Can the auditor check hover states or interactive dropdowns?
Not currently. The auditor engine waits for the network to idle and then analyzes the initial computed DOM state upon page load. Elements that require active user interaction (like hovering a button, expanding an accordion, or clicking a dropdown menu) to render on the screen are not currently captured in the automated CSS extraction.
Why did my custom Figma frame render as a Desktop browser?
When you select a native Figma frame (e.g., named "iPhone 14 Pro"), the engine reads that name and automatically configures the headless browser's User-Agent, touch events, and pixel density to perfectly emulate that specific device. If you use the "Custom Frame" option and input manual dimensions without a device name, the engine defaults to a standard Desktop Chrome profile.
Security & Privacy Policy
We operate on a strict principle of Ephemeral Storage. We do not permanently store your proprietary code, design tokens, or authentication credentials.
Data Retention & Cloudflare KV
All data generated by an audit (screenshots, visual heatmaps, and JSON payloads) is stored securely on Cloudflare's edge KV network and is strictly bound by an automated Time-To-Live (TTL) expiration. Once the TTL expires, the data is permanently wiped from the servers.

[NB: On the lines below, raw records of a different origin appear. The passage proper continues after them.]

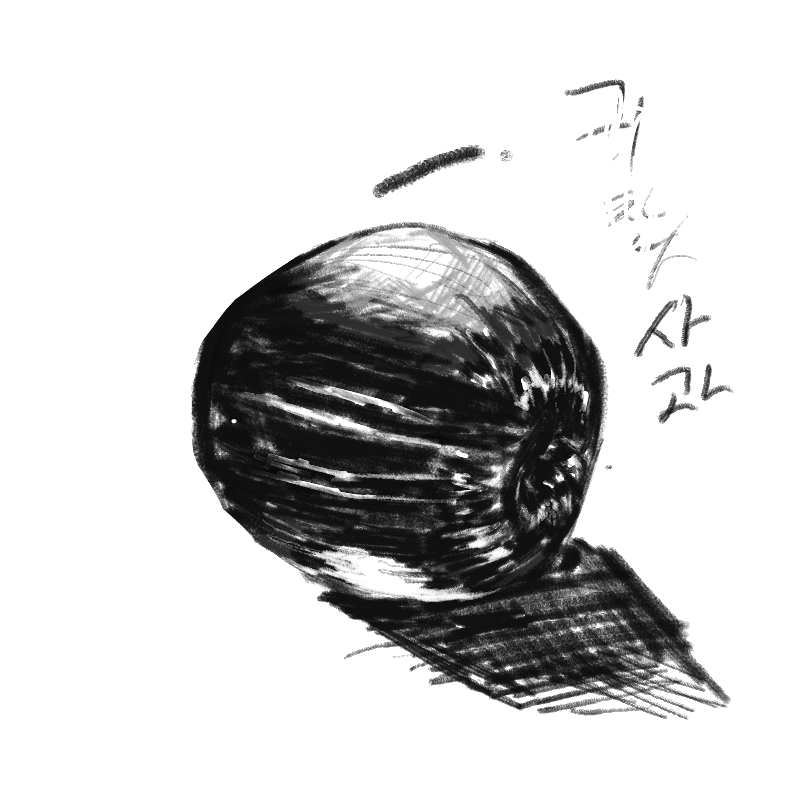 사과 : 사과 스케치판 ,sketchpan
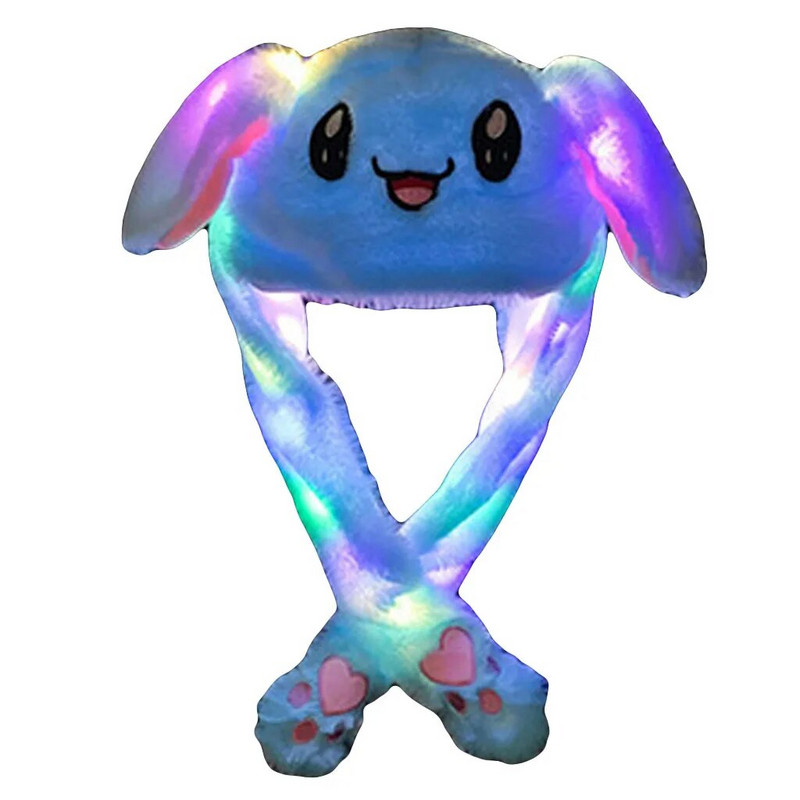 Gaiša truša ausu cepure Mode Jauka vīriešu un sieviešu plīša ietīšana multfilma Trusis dzīvnieks plīša cepure kustīga smieklīga ausis silta cepure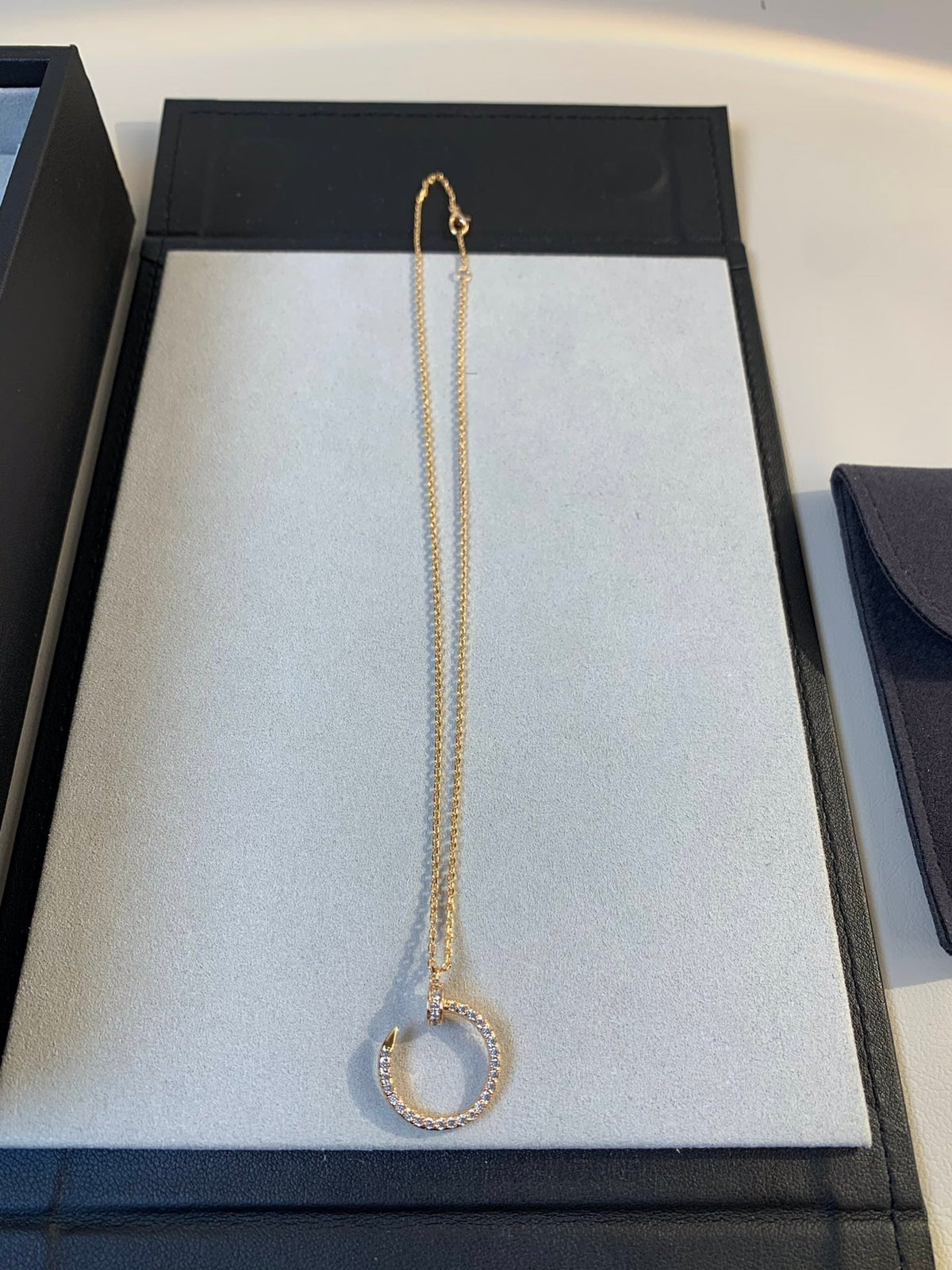 [⭐Seralia]JUSTE NECKLACE PINK GOLD DIAMONDS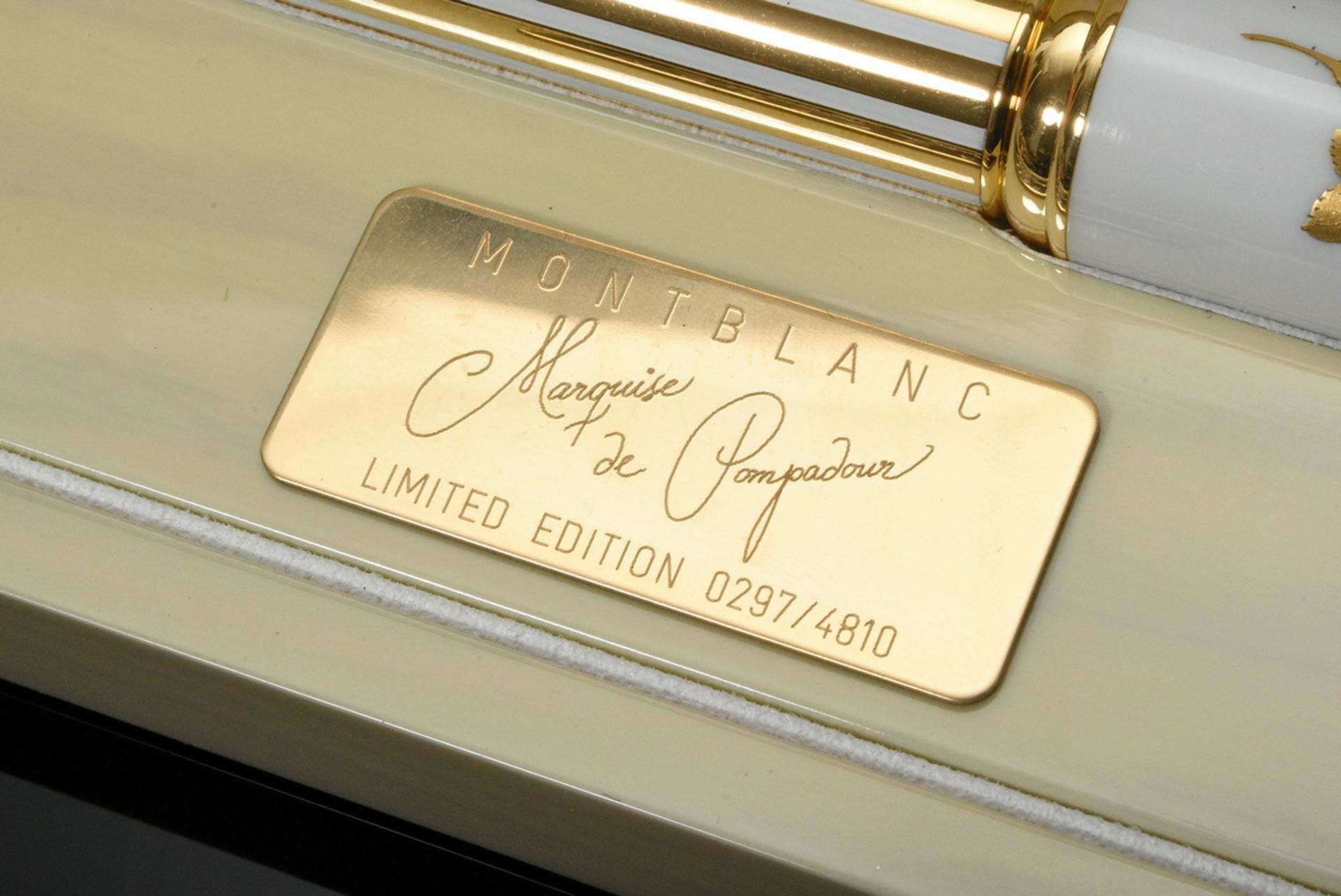 Montblanc piston fountain pen "Marquise de Pompadour" from the special edition "Patron of Art", gol - Image 3 of 7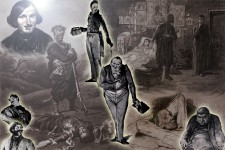 Николай Васильевич Гоголь и герои его произведений. Коллаж Татьяны Шепелевой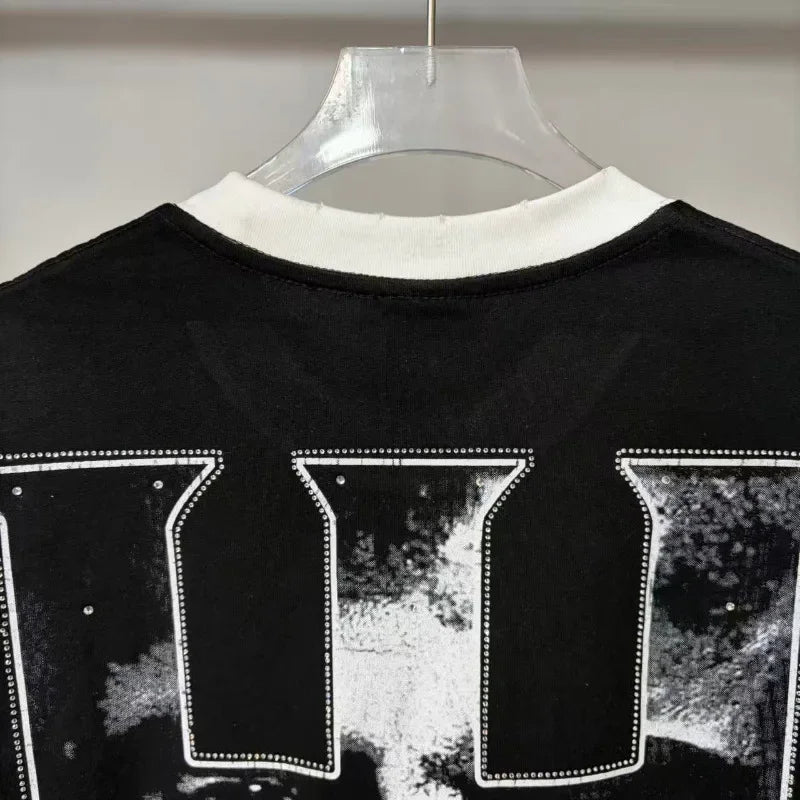 26SS Y2K High Quality American Retro Trendy Fashion Tops LIFE HUSTLERS 100% cotton large size loose Men's Women's T-Shirt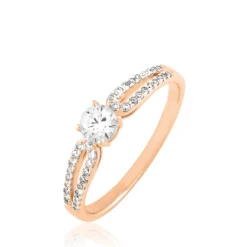 Bague Solitaire Katalina Or Rose Diamant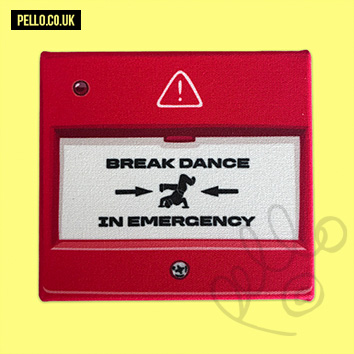 Break Dance In Emergency canvas art by Pello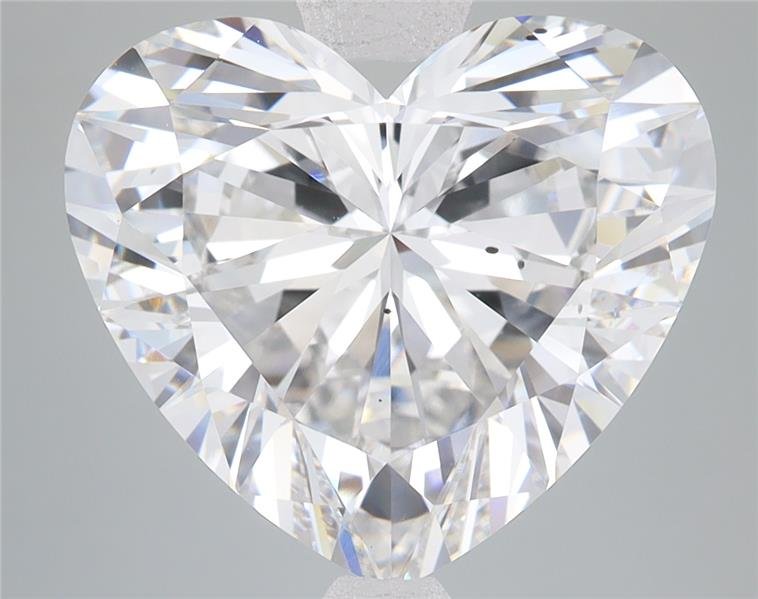 7.23ct E VS2 Rare Carat Ideal Cut Heart Lab Grown Diamond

- Free Tier: Data is permanently wiped after 7 days to match the token lifecycle.
- Pro & Lifetime Tiers: Data is permanently wiped after 90 days.
- Business: Data is permanently wiped after 180 days.
Infrastructure Security
The auditing engine runs on isolated, ephemeral Cloudflare infrastructure. The headless browser instances are destroyed immediately after the audit completes. If you provide login credentials for staging authentication, they are never written to disk or saved to our database.
No Source Code Scraping
The auditor does not download or store your React, Vue, or HTML source files. It only extracts computed CSS values directly from the browser's rendering engine.